Конечно, наивно предположить, что советским специалистам по космической технике приходится пополнять багаж знаний столь ненадежным способом. Интерес к выставочному экземпляру был вызван совсем другими причинами. В нем рядом с огромным американским носителем «Сатурн-5», выводившим корабль «Аполлон» на лунную трассу, была воспроизведена аналогичная советская ракета Н1, разработка которой считалась одним из строжайших секретов нашей космической отрасли и о которой, естественно, в нашей литературе никогда не упоминалось. Однако в век разведывательных спутников многие тайны, сколько их ни храни, всплывают. Так и Н1 спрятать от чужих глаз было не проще, чем, скажем, в курятнике утаить жирафа. Несколько раз в 60 — 70-е годы гигантская сигара Н1 вывозилась на стартовые позиции Байконура, где ее и сфотографировали всевидящие космические аппараты.

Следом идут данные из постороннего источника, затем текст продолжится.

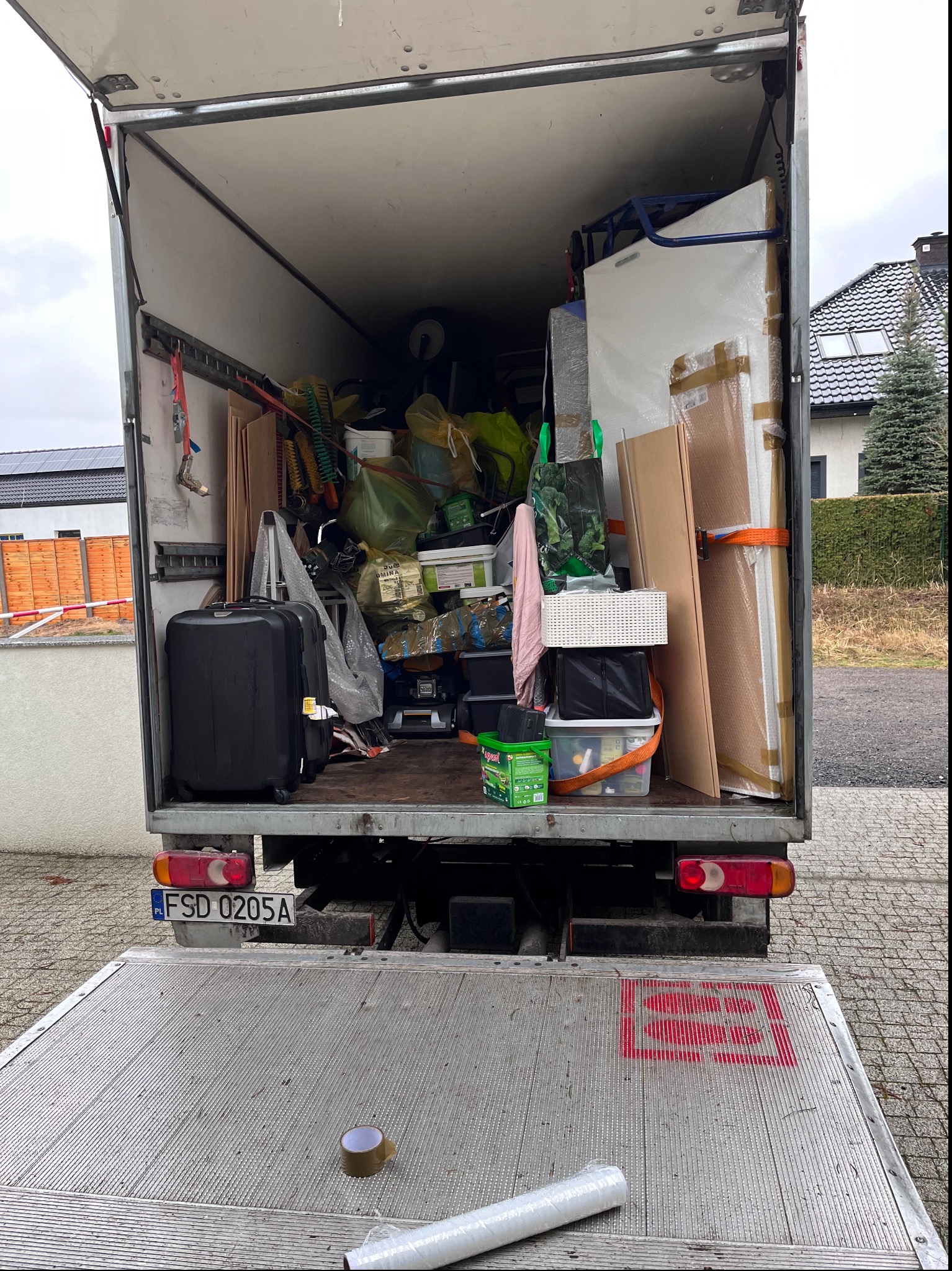 Wnętrze załadowanego busa transportowego z widocznymi kartonami, meblami, walizkami i różnymi przedmiotami zabezpieczonymi taśmami, widok od tyłu z otwartą platformą załadunkową i fragmentem ulicy...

По поводу происхождения точного, отсек за отсеком, рисунка ракеты Н1 я, бывая на Байконуре, не раз слышал любопытную легенду. Не берусь судить о ее достоверности, но мифы служат весьма характерной иллюстрацией строго хранимых секретов. Так вот, старожилы Байконура вполголоса передавали историю, что в одном из зданий рядом с монтажно-испытательным корпусом (МИК), откуда на специальной платформе ракету вывозят на старт, работал глубоко внедрившийся шпион. У него была единственная задача — зарисовать ракету Н1, и, дабы не вызвать подозрений, он много лет ударно трудился во славу советской космонавтики, получая красные вымпелы и почетные дипломы за победы в социалистическом соревновании. Никто и заподозрить этого хитреца не мог. Самый обычный инженер, без каких-либо странностей. Потом, когда на Западе обнаружились точные характеристики Н1, наши контрразведчики спохватились и каким-то образом вычислили, из какого окна смотрели на Н1 и кто именно подглядывал. Но поздно — от шпиона и следов не осталось, давно уволился. Повторю: не знаю, правда это или нет, но мифы для истории тоже достаточно характерны.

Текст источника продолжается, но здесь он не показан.